[Gluster-users] Gluster usage scenarios in HPC cluster management

Fri Mar 19 17:19:54 UTC 2021

Erik:

My apologies for not being more clear originally.

What I meant to say was that I was using GlusterFS for HPC jobs because my understanding is that most HPC environments often or tend to use, for example, NVMe SSDs for their high speed storage tier, but even those have a finite write endurance limit as well.

And whilst normally, for a large corporation, the consumption of the write endurance limit of the NVMe SSDs and their replacement would just be a cost of "normal part of doing business", but for a home lab, I can't afford to spend that kind of money whenever the drives wear out like that.

And this is what drove me to testing GlusterFS distributed stripped volume exported to NFS over RDMA so that the RAM was used both in the execution of the jobs as well as for the high speed scratch disk space during job execution such that it wouldn't be subject to the write endurance limits of NAND flash SSDs (NVMe or otherwise), nor the significantly slower performance of mechanically rotating hard disk drives.
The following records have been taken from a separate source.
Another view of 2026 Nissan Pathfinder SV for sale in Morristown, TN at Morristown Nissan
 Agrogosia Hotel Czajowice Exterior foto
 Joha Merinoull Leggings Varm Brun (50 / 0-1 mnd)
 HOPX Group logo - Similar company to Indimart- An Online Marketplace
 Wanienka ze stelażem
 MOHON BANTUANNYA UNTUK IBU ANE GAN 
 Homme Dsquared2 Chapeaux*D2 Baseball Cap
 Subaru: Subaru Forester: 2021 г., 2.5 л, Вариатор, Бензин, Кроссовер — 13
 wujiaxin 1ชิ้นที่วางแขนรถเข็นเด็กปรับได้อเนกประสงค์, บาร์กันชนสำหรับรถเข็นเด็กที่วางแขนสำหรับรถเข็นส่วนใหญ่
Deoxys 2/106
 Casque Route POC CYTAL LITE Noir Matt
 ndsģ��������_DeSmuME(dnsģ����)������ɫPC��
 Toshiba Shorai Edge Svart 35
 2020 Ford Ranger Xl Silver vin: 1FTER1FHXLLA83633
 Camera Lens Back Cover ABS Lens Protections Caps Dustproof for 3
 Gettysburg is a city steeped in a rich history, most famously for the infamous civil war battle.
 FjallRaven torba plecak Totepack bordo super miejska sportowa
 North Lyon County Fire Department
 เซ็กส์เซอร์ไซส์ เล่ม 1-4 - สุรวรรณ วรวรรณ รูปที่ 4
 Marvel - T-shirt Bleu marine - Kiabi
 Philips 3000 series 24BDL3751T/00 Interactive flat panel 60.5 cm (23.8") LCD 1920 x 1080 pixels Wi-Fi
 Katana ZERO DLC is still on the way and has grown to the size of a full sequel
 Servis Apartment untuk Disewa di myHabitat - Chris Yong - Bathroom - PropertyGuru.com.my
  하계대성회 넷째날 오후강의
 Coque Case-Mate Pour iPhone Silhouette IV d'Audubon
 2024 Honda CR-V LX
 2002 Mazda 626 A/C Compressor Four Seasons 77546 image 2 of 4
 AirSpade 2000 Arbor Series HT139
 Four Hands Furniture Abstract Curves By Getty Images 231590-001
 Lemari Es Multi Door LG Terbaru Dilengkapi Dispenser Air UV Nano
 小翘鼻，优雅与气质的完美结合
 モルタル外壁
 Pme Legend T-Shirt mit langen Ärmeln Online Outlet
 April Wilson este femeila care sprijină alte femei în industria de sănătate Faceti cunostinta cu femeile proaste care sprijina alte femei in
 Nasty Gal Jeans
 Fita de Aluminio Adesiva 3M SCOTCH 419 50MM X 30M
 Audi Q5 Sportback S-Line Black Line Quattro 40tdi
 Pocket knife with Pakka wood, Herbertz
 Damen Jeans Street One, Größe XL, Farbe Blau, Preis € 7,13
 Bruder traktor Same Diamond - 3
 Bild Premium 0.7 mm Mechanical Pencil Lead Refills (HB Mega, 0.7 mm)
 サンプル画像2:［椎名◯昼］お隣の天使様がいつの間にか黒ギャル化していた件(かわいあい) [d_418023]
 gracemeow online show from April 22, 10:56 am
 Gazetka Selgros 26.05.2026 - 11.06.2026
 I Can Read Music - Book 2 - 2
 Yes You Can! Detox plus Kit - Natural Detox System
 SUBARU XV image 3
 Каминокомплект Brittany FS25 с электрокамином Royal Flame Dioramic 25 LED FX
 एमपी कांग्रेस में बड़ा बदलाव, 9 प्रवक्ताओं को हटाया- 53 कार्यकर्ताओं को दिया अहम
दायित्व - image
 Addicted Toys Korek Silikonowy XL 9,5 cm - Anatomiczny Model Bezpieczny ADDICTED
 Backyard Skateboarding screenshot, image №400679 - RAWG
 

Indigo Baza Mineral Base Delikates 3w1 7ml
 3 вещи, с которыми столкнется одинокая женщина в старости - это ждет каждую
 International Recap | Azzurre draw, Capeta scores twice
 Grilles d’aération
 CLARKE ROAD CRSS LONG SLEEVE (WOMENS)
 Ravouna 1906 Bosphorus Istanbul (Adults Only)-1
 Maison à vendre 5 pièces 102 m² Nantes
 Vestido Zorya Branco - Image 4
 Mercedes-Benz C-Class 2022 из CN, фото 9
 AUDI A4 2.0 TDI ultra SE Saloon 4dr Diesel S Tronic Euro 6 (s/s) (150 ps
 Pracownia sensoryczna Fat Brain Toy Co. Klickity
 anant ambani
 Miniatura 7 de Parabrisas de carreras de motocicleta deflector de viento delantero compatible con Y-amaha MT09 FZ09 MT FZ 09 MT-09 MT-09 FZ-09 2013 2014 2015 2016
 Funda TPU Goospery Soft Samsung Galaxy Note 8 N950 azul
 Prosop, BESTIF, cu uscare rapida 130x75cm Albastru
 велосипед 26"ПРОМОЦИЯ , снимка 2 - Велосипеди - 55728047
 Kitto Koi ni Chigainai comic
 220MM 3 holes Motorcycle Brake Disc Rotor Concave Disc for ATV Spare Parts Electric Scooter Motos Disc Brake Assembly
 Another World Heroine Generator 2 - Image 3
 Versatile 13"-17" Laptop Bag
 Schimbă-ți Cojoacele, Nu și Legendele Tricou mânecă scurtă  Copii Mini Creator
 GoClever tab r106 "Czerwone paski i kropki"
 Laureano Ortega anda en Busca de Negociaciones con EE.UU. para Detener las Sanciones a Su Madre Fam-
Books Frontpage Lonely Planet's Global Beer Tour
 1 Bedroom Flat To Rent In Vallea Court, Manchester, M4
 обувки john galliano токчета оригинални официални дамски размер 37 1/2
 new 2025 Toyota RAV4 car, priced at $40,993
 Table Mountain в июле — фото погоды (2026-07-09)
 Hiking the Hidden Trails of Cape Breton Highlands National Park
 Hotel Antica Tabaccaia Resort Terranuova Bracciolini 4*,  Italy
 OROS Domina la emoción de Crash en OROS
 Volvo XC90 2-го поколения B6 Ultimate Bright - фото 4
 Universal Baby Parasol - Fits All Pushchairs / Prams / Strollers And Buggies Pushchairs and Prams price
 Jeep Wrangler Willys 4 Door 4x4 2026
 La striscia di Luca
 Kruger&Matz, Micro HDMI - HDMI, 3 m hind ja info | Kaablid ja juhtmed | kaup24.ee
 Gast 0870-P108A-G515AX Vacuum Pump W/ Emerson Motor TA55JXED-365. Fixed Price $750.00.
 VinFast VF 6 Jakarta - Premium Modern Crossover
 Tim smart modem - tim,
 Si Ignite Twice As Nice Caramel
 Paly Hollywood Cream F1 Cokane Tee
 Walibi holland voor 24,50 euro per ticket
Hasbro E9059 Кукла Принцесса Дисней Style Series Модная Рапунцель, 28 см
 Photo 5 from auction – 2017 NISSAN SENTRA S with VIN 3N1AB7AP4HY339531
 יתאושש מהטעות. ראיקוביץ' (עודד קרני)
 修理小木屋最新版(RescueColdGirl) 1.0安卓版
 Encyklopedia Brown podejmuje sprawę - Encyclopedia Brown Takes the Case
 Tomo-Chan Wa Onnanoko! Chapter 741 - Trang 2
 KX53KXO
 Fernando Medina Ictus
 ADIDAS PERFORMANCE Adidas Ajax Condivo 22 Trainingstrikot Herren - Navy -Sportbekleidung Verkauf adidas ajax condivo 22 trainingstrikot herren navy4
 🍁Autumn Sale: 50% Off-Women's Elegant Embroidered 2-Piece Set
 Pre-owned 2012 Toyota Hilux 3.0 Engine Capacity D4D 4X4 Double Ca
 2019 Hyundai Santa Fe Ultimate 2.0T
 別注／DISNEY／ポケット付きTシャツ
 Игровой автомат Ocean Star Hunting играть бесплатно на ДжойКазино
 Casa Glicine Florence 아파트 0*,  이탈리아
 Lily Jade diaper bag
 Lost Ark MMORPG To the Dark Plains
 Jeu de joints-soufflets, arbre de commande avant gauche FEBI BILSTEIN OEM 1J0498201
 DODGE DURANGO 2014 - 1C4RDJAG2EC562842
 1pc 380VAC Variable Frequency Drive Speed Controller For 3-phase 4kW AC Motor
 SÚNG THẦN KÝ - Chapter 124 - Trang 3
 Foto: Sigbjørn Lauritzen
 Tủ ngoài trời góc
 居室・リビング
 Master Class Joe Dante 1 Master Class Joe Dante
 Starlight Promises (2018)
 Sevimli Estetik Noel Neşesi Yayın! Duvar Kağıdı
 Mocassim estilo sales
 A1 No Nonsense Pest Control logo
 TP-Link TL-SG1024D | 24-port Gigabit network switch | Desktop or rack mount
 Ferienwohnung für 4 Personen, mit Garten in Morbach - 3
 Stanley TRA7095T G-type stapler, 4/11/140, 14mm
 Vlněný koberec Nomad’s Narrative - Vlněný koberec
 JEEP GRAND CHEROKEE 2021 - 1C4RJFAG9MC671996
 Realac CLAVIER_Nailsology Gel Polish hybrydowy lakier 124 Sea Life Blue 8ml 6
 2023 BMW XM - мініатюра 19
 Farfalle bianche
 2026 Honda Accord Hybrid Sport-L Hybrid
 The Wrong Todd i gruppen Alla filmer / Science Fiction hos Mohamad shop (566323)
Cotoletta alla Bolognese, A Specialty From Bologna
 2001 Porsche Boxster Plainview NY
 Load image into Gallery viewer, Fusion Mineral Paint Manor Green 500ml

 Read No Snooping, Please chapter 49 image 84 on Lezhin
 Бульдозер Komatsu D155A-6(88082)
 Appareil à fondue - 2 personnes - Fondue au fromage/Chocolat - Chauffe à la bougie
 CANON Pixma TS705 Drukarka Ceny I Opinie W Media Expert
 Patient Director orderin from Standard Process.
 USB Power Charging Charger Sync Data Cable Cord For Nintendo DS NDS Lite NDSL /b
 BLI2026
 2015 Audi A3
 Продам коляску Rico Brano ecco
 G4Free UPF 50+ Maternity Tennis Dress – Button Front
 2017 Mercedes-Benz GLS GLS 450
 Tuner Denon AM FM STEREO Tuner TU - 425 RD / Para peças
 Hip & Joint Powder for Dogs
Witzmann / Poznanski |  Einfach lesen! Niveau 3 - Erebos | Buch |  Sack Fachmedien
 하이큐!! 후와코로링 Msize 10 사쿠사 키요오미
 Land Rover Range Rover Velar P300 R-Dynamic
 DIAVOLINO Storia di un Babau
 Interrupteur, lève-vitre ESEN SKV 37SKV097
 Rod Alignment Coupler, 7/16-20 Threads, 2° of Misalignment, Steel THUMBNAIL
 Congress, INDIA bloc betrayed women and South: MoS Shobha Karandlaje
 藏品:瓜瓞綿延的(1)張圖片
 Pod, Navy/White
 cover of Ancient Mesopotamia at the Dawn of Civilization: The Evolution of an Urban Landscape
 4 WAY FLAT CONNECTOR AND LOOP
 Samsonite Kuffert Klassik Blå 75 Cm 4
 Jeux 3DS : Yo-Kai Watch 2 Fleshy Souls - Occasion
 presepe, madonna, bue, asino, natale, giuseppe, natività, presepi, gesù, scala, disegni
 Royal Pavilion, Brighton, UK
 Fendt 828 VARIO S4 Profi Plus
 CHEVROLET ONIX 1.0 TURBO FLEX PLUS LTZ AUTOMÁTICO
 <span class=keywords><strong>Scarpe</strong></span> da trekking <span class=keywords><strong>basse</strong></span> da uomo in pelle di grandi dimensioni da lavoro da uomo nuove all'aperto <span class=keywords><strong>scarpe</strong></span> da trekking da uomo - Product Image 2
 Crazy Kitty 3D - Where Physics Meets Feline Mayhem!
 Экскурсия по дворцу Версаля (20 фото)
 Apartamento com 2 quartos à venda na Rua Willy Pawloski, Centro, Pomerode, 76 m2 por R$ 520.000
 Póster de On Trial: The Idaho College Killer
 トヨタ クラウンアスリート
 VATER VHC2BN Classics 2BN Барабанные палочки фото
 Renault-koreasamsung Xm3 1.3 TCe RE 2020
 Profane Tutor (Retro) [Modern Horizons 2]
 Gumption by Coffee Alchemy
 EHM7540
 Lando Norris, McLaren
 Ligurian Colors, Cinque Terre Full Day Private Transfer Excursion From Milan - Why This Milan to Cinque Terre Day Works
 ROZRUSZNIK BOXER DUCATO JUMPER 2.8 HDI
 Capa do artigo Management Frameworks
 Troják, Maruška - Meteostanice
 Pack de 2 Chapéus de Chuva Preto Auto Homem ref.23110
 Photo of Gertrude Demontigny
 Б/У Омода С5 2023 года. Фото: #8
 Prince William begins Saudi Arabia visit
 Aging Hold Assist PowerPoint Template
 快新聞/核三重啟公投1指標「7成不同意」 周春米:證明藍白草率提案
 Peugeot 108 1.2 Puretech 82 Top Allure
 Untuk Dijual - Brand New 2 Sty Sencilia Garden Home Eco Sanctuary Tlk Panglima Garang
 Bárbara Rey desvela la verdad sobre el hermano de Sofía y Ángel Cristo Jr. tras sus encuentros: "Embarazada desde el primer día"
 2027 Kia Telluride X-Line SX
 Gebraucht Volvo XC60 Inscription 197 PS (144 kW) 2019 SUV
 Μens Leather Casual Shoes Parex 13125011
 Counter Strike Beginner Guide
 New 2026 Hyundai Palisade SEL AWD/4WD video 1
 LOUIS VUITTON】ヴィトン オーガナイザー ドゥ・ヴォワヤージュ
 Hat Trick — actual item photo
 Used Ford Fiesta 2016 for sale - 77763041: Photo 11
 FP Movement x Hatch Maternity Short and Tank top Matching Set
So, I was talking about using GlusterFS for HPC as well, but in the context of job execution rather than more the "management" tasks/operations that you described in your message below.

Thank you.

Sincerely,
Ewen

________________________________
From: Erik Jacobson <erik.jacobson at hpe.com>
Sent: March 19, 2021 12:24 PM
To: Ewen Chan <alpha754293 at hotmail.com>
Cc: Erik Jacobson <erik.jacobson at hpe.com>; gluster-users at gluster.org <gluster-users at gluster.org>
Subject: Re: [Gluster-users] Gluster usage scenarios in HPC cluster management

> But I've also tested using tmpfs (allocating half of the RAM per compute node)
> and exporting that as a distributed stripped GlusterFS volume over NFS over
> RDMA to the 100 Gbps IB network so that the "ramdrives" can be used as a high
> speed "scratch disk space" that doesn't have the write endurance limits that
> NAND based flash memory SSDs have.

In my world, we leave the high speed networks to jobs so I don't have
much to offer. In our test SU Leader setup where we may not have disks,
we do carve gluster bricks out of TMPS mounts. However, in that test
case, designed to test the tooling and not the workload, I use iscsi to
emulate disks to test the true solution.

I will just mention that the cluster manager use of squashfs image
objects sitting on NFS mounts is very fast even on top of 20G (2x10G)
mgmt infrastructure. If you combine it with a TMPFS overlay, which is
our default, you will have a writable area in to TMPFS that doesn't
persist. You will have low memory usage.

For a 4-node cluster, you probably don't need to bother with squashfs
even and just mount the directory tree for the image at the right time.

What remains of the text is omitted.